General perturbation solution of large-deflection circular plate with different moduli in tension and compression under various edge conditions

Abstract

The large deflection problem for a thin circular plate with different moduli in tension and compression has dually non-linear characteristics. In this paper, we use perturbation technique to obtain a general analytical solution of thin circular plate with different moduli in tension and compression, in which four edge conditions including rigidly clamped, clamped but free to slip, simply hinged and simply supported are considered. Because the perturbation solution is expanded in ascending powers of a known perturbation parameter (central deflection, for example) and the unknown constants and functions in the solution are gradually determined by decomposing boundary conditions and governing equation, the constants and functions obtained in such a manner have an inherent consistency concerning material properties. The results show that via construction of some parameters reflecting materials properties, not only the solution based on bimodular elasticity theory may regress to that on classical theory with singular modulus, but also the solution obtained under simply hinged edge may serve as a general solution to describe other three edge conditions.
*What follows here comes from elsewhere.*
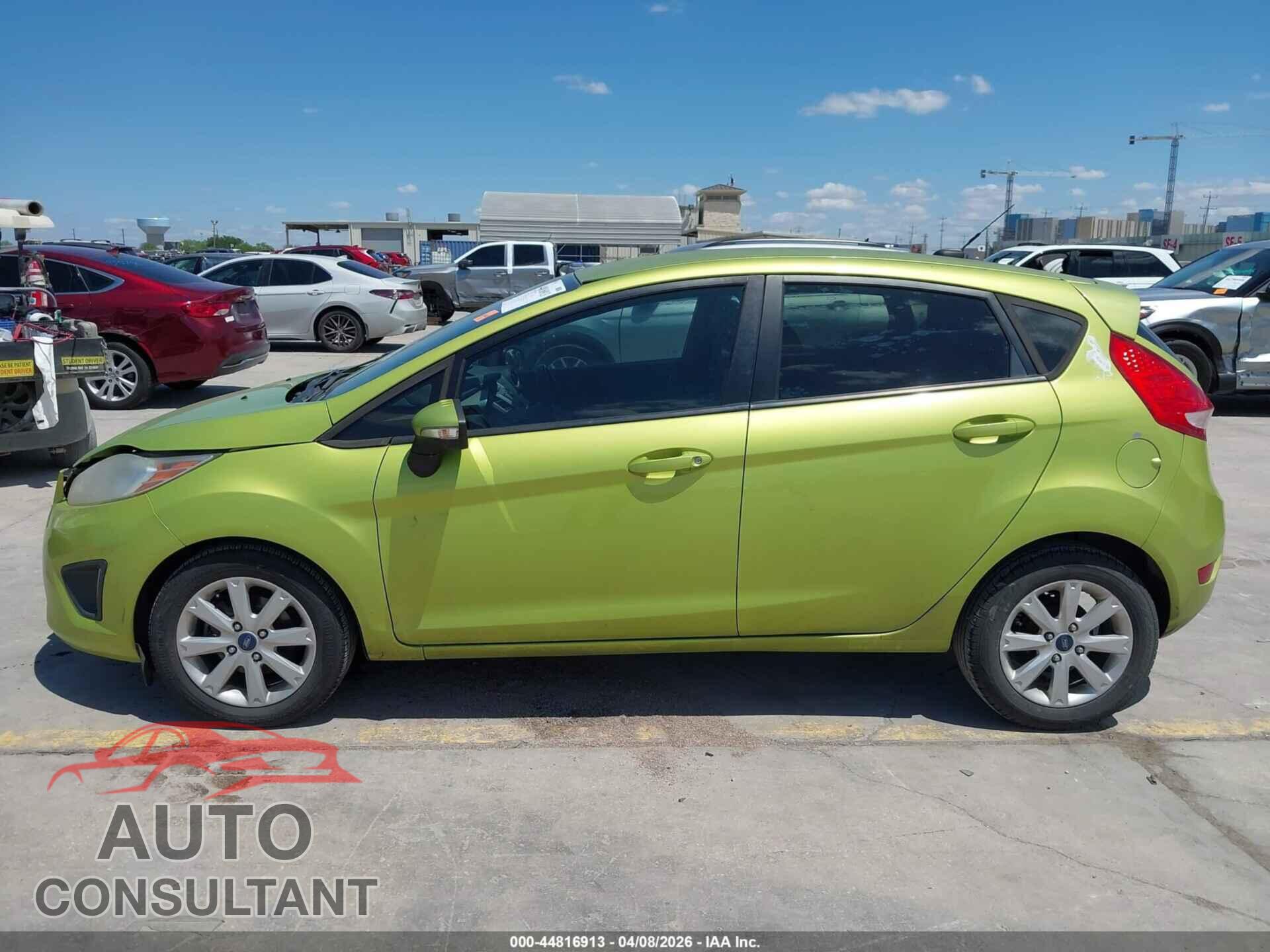 FORD FIESTA 2013 - 3FADP4EJ7DM219908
Via the general solution, the relations of load vs. central deflection, the plate–membrane transition for bimodular problem and the radial membrane stresses and bending stresses at the center and edge of the plate, are also discussed. Moreover, the comparison between the analytical solutions and numerical results indicates that the perturbation solutions based on the central deflection are overall valid. This work will be helpful for analyzing the mechanical behaviors of flexible layer structures while considering large deformation and bimodular effect.